DATASET RECORDS:
━━━━━━━━━━

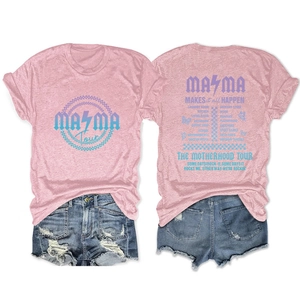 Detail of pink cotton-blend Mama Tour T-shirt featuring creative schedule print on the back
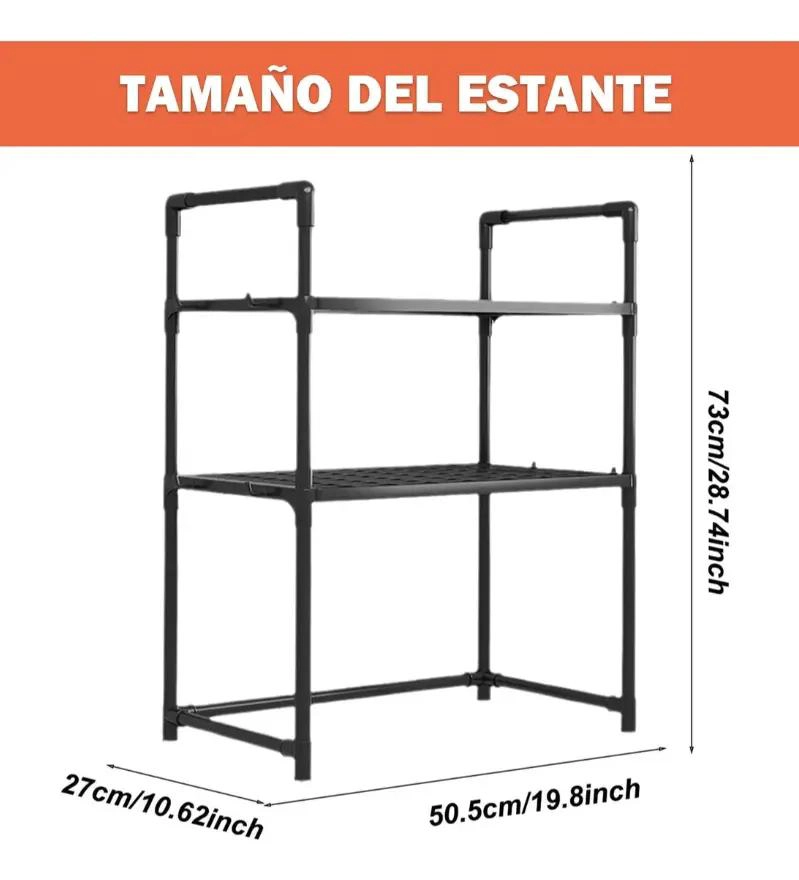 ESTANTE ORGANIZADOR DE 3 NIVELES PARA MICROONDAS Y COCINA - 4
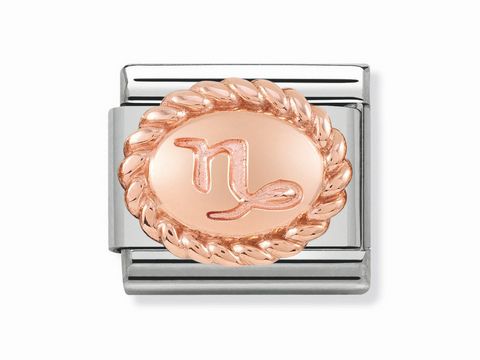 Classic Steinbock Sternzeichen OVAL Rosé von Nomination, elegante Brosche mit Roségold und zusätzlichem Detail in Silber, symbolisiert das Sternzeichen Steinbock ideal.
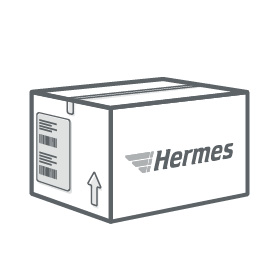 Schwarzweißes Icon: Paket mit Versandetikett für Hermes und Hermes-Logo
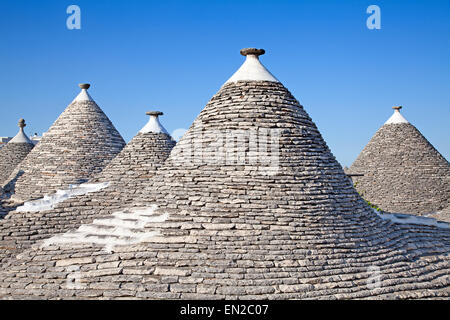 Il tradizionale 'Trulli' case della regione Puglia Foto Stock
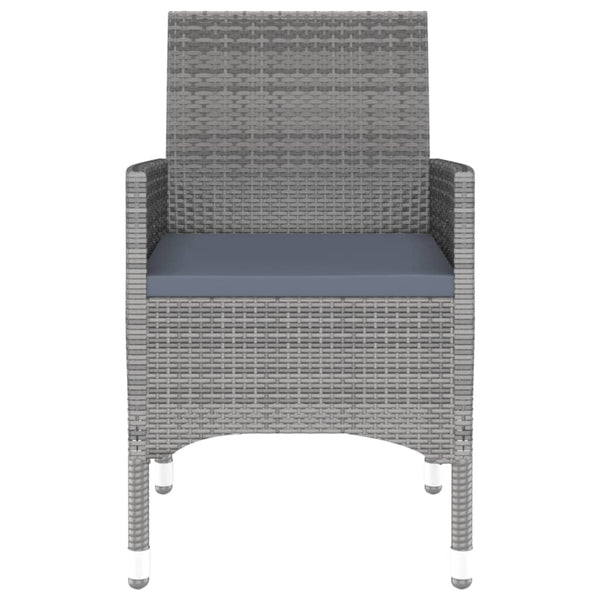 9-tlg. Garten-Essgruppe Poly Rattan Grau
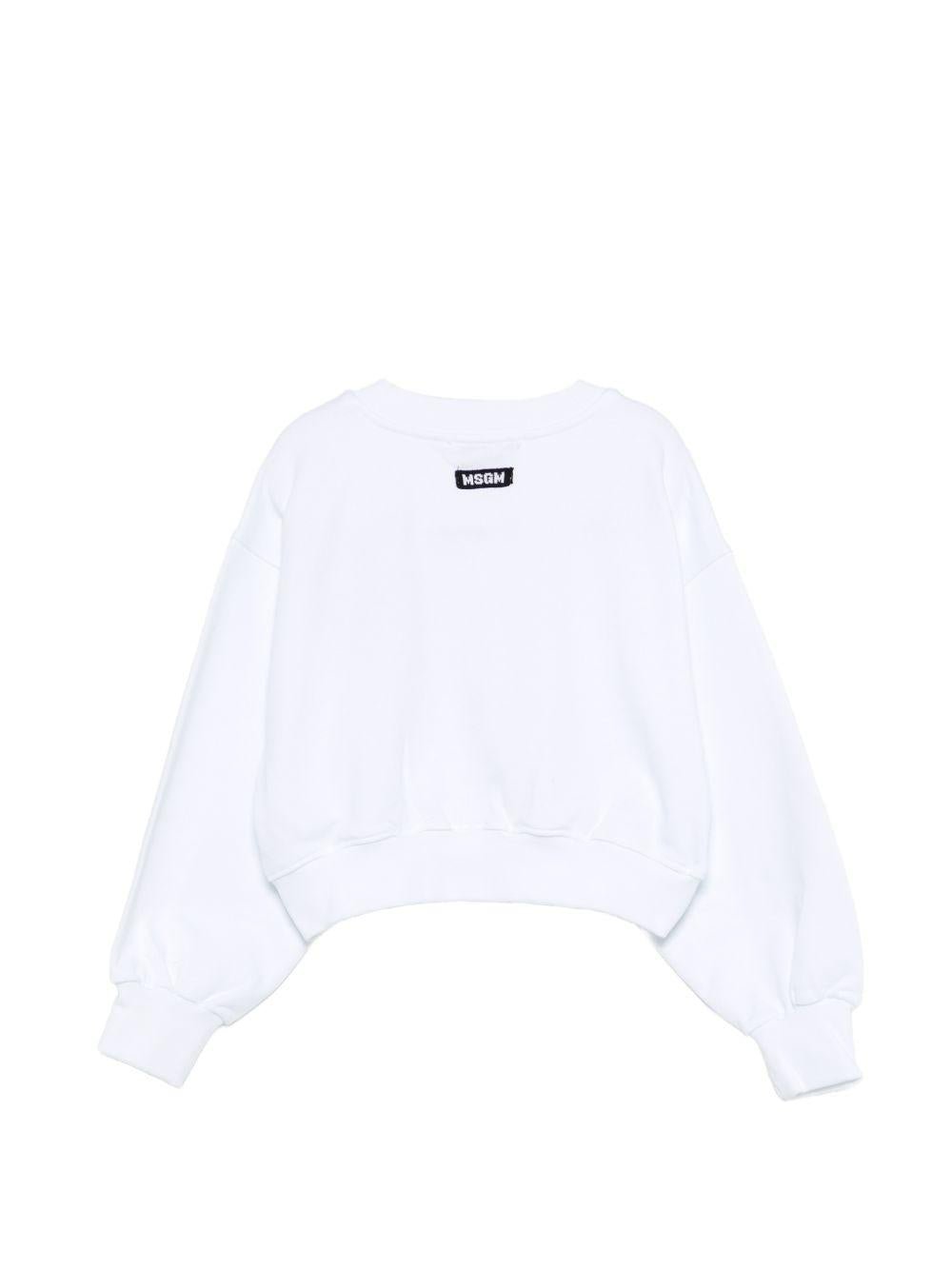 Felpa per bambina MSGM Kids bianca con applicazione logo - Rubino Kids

━━━━━━━━━━

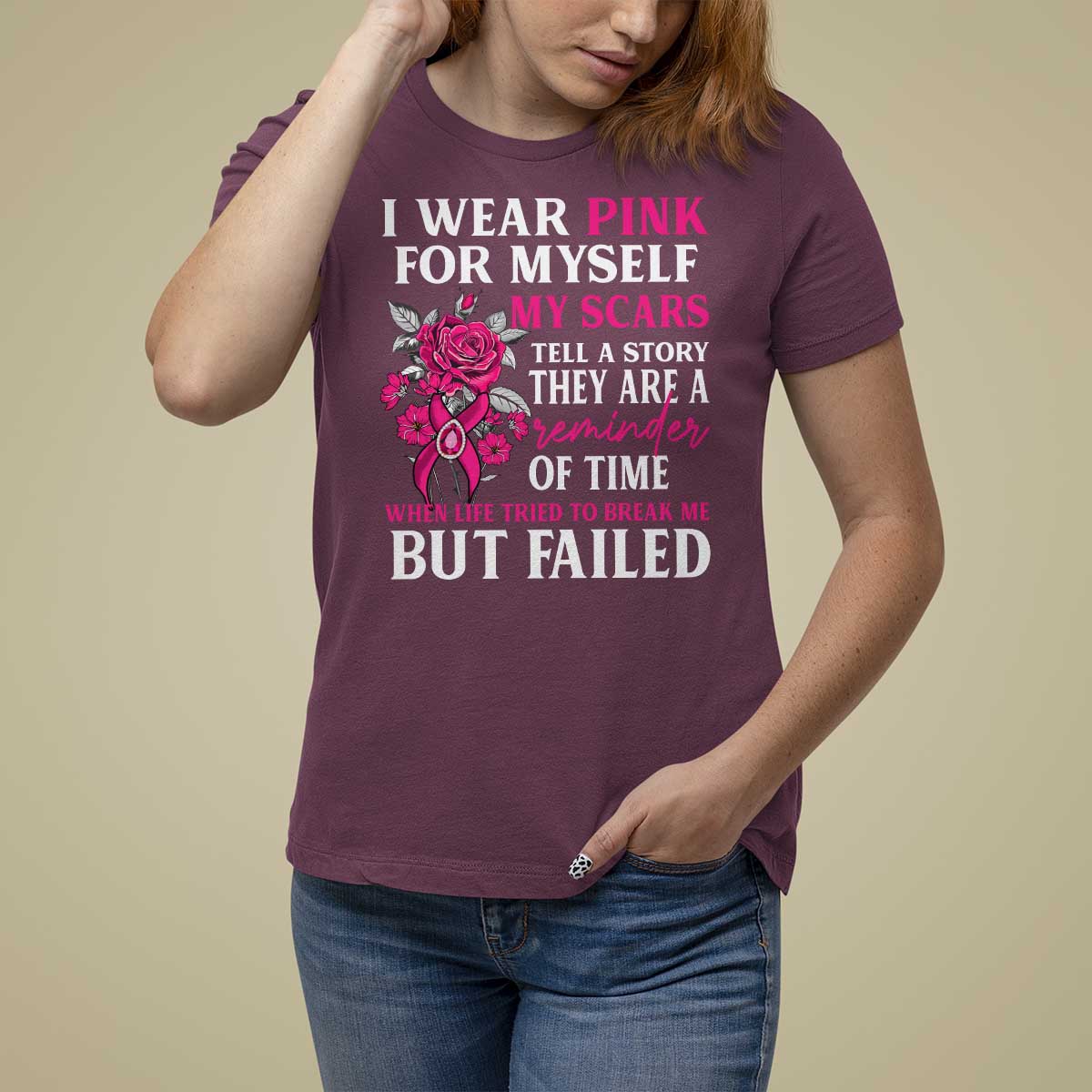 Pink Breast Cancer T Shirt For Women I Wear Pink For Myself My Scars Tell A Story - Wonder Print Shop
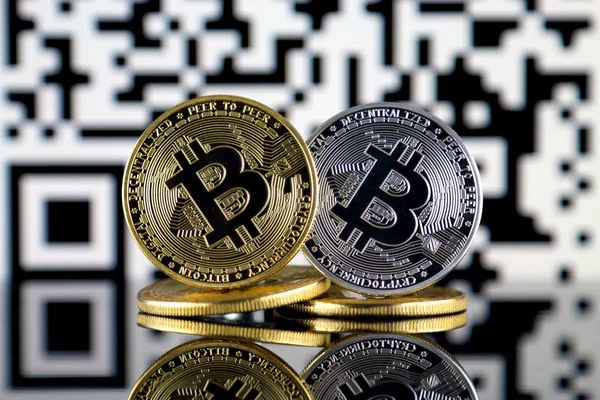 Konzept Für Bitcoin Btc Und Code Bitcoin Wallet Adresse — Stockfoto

━━━━━━━━━━

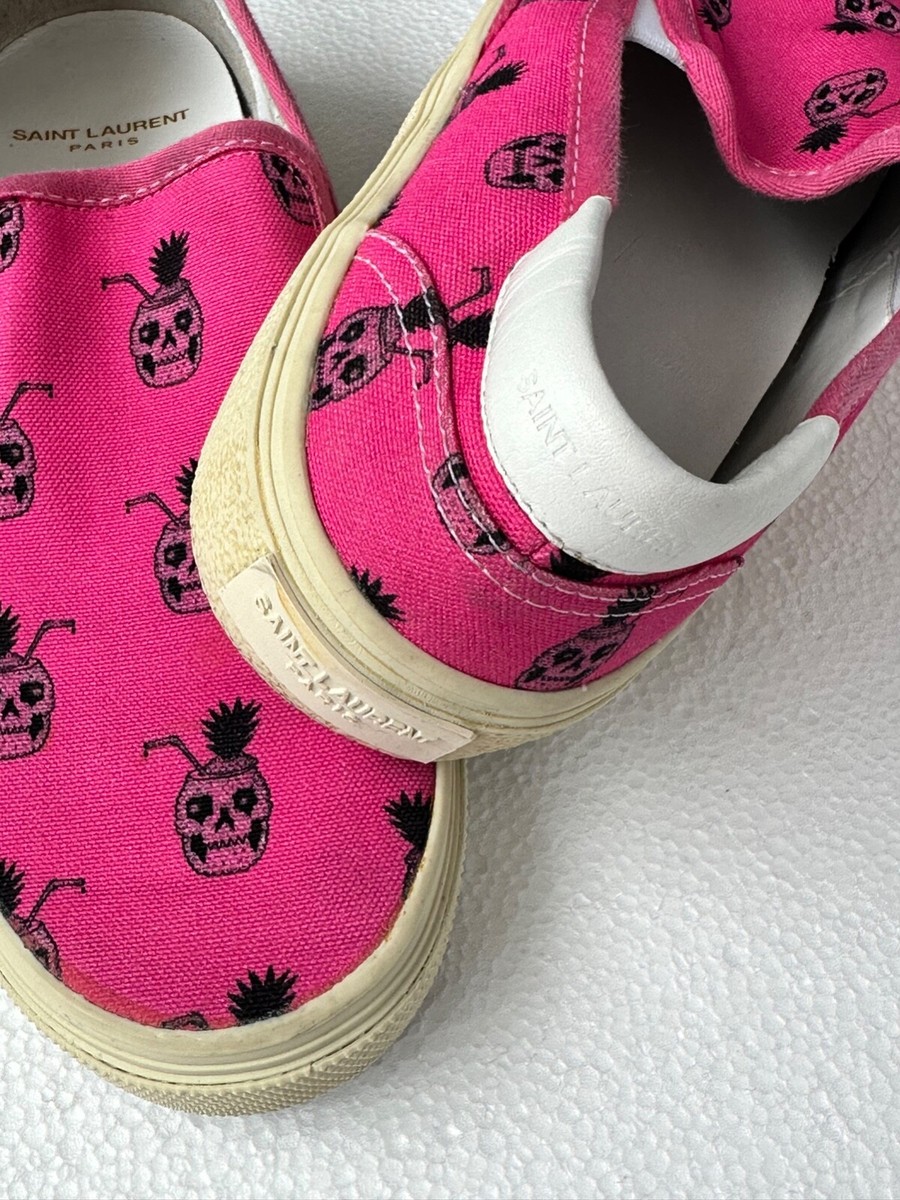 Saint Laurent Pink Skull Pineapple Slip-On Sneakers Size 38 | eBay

━━━━━━━━━━

WORK TASK:
Reproduce the data above exactly, but only the lines from the one showing "Il tradizionale 'Trulli'" through the one showing "Felpa per bambina", with both ends kept and the pictures left out.

OUTPUT BELOW:
 Il tradizionale 'Trulli' case della regione Puglia Foto Stock
 9-tlg. Garten-Essgruppe Poly Rattan Grau
 Felpa per bambina MSGM Kids bianca con applicazione logo - Rubino Kids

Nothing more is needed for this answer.